Rob Francis's avatar

But even here, it's not silence that brings complicity, but a lack of action, and that's different. If I see a crime and I tweet about it being bad, I'm not being silent, but in not doing anything to stop it, I'm complicit. Here, silence isn't complicity, inaction is. "Speaking up" about witnessing a crime in progress doesn't achieve anything, intervening does.

Anyway, fun as this is, I do have a day job I need to attend to at this point.

Marios Richards's avatar

In this example, silence here is "not picking up the phone to call the police".

In the paedophilia/holocaust example, silence is "maintaining a policy of public neutrality, regardless of private feelings".

In none of the examples are you *certain* that "speaking up" will definitely achieve something - all *real world moral questions* are probabilistic (something moral philosophers tend to struggle with).

Marios Richards's avatar

If you prefer, we can also run with the "Holocaust Neutral" example.

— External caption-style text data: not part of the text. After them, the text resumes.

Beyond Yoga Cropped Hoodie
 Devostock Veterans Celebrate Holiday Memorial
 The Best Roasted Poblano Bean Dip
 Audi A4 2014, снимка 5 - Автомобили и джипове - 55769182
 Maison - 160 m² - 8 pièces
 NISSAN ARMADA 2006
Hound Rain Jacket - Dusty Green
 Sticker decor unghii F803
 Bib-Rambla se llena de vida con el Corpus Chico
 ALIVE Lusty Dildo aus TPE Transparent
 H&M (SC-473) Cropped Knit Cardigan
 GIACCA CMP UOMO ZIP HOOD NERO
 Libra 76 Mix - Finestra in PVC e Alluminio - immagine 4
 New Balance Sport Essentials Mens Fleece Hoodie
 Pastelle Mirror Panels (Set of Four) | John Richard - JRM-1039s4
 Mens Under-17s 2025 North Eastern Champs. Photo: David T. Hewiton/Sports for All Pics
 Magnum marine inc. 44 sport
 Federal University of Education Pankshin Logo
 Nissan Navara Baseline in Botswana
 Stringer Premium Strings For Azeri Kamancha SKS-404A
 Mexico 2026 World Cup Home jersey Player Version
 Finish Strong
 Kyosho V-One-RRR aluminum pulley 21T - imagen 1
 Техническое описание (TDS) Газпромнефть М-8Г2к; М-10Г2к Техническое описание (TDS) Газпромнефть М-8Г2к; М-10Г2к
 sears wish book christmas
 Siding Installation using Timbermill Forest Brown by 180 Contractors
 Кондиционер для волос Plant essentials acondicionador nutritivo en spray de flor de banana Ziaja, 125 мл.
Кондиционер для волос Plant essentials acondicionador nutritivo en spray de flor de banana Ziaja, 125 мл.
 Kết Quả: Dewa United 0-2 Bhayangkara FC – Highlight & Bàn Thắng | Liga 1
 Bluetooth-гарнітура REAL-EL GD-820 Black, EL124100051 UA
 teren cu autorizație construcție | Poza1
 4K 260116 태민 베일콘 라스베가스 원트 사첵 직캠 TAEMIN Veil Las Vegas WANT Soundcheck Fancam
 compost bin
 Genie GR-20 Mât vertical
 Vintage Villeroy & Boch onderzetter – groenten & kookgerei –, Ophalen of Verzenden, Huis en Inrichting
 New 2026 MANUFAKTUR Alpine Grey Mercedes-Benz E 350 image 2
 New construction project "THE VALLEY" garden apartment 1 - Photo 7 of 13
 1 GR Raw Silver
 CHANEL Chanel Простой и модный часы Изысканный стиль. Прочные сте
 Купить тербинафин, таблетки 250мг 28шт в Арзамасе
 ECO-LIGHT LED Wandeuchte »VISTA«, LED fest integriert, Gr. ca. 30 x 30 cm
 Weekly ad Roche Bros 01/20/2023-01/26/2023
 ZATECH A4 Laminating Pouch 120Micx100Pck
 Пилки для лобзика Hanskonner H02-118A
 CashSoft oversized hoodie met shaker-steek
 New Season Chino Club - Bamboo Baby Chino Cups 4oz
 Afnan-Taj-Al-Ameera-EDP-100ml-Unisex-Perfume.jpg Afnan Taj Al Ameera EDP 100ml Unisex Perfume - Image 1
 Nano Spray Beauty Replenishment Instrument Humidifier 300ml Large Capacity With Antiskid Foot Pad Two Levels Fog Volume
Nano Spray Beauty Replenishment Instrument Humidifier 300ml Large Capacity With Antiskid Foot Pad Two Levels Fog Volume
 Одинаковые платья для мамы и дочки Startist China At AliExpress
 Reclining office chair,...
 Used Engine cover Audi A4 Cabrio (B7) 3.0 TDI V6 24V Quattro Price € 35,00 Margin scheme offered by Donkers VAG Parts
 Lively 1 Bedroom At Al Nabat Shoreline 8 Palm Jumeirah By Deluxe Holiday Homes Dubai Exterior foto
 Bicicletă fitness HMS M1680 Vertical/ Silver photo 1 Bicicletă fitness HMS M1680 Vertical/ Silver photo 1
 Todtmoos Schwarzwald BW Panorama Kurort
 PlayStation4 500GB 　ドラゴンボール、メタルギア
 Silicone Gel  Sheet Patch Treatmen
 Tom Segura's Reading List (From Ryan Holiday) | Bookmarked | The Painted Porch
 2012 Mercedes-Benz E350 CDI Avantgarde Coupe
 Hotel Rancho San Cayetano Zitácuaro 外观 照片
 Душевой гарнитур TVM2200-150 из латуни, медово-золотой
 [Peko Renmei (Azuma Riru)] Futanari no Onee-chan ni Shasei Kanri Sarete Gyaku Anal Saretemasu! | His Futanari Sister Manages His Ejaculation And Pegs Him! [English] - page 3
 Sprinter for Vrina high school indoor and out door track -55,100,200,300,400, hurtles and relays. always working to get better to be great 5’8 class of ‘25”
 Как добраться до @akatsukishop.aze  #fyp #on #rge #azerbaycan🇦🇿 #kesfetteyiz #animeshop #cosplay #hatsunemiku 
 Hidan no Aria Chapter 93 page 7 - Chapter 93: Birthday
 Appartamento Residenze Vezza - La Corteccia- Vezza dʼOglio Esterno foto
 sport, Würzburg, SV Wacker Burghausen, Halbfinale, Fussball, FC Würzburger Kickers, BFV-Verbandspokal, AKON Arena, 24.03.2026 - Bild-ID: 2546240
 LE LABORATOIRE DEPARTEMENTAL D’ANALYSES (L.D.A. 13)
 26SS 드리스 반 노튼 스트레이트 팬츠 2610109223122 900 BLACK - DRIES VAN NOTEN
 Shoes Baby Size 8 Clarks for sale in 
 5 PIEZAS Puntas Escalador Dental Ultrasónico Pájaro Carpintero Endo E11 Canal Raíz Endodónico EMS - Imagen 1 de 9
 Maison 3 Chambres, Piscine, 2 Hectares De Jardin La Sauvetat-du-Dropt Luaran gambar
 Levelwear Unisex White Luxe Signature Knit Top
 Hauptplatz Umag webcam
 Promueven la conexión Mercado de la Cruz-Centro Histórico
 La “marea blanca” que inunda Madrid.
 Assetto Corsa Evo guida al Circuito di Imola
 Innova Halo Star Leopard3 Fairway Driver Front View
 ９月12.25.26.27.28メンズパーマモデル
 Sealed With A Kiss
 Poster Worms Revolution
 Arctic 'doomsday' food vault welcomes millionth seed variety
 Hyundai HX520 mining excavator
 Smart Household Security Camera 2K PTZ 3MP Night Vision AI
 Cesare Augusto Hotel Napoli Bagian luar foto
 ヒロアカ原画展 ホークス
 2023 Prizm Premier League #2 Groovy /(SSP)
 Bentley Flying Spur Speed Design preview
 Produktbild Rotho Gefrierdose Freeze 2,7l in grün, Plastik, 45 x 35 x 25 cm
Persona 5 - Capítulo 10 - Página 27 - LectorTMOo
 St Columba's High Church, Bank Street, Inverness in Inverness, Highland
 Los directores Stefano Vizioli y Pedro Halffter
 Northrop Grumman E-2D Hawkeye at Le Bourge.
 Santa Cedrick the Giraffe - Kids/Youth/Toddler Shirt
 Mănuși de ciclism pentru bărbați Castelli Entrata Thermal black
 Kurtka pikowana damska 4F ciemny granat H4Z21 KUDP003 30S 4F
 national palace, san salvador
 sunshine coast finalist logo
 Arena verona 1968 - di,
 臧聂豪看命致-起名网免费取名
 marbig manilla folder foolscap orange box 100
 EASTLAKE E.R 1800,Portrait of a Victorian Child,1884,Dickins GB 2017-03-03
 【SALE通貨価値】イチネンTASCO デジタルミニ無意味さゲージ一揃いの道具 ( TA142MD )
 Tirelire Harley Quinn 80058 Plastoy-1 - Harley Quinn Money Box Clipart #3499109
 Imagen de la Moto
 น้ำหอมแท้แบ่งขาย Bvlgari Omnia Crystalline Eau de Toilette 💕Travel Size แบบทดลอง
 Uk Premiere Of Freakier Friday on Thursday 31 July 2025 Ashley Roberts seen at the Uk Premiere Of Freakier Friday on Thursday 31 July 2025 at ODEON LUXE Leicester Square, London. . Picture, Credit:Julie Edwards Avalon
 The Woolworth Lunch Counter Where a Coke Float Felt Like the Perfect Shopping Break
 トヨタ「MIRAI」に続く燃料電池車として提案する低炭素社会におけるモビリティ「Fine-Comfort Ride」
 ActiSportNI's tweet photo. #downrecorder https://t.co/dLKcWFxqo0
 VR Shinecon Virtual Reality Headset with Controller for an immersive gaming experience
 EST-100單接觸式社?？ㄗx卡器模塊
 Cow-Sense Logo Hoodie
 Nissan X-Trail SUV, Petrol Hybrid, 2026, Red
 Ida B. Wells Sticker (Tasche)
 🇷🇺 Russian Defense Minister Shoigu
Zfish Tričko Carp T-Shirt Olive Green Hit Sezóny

Are you complicit in genocide because you - as some random individual - pointedly don't contribute to the anti-genocide norm?

I would say "yes, obviously". Not as much as the guy who is "Holocaust Positive" - but not a lot less - because, as you argue, the expected impact of just one random person (veil of ignorance, assuming you're not president of the united states) is tiny.

The practical measure of a moral choice is not just the expected impact but also how much effort it is.

"Holocaust Neutral" guy is weird not because their expected extra future holocausts impact is high (altho don't assume linearity!) but because the cost to assent to the "genocide bad" norm is minute.

Rob Francis's avatar

I'm sorry, I just disagree here. A person who thinks genocide is bad but doesn't feel the need to say that out loud is not complicit in any genocides which might happen. Sorry, no.

Marios Richards's avatar

I think it very clearly is.

"Saying something is bad" is most basic level of social norm support there is.

Social norms are the most effective means of controlling behaviour - arguably even in contention with "setting up and maintaining a police force" - but assuming you're somewhere where you can't do that/taxes aren't optional.

I think it's basically incoherent to say "Look, I *believe* paedophilia is wrong. But I don't ... like making moralising statements so - despite my *private* feelings - I'm public paedophilia-neutral." and not accept some complicity.

Yeah, sure you can "yes, but only by omission and only by a tiny marginal effect given that everyone else is mostly not following my example because I'm strangely unpopular".

But the relevant stuff is the bit before the but.

"I just Don't Feel The Need to <contribute to the social norm against paedophilia>, isn't it enough that I don't engage in paedophilia and think it's really bad in the privacy of my own head?"

Rob Francis's avatar

Is the man who says "genocide is bad" nine times a day more culpable for genocides than the man who says it ten times a day?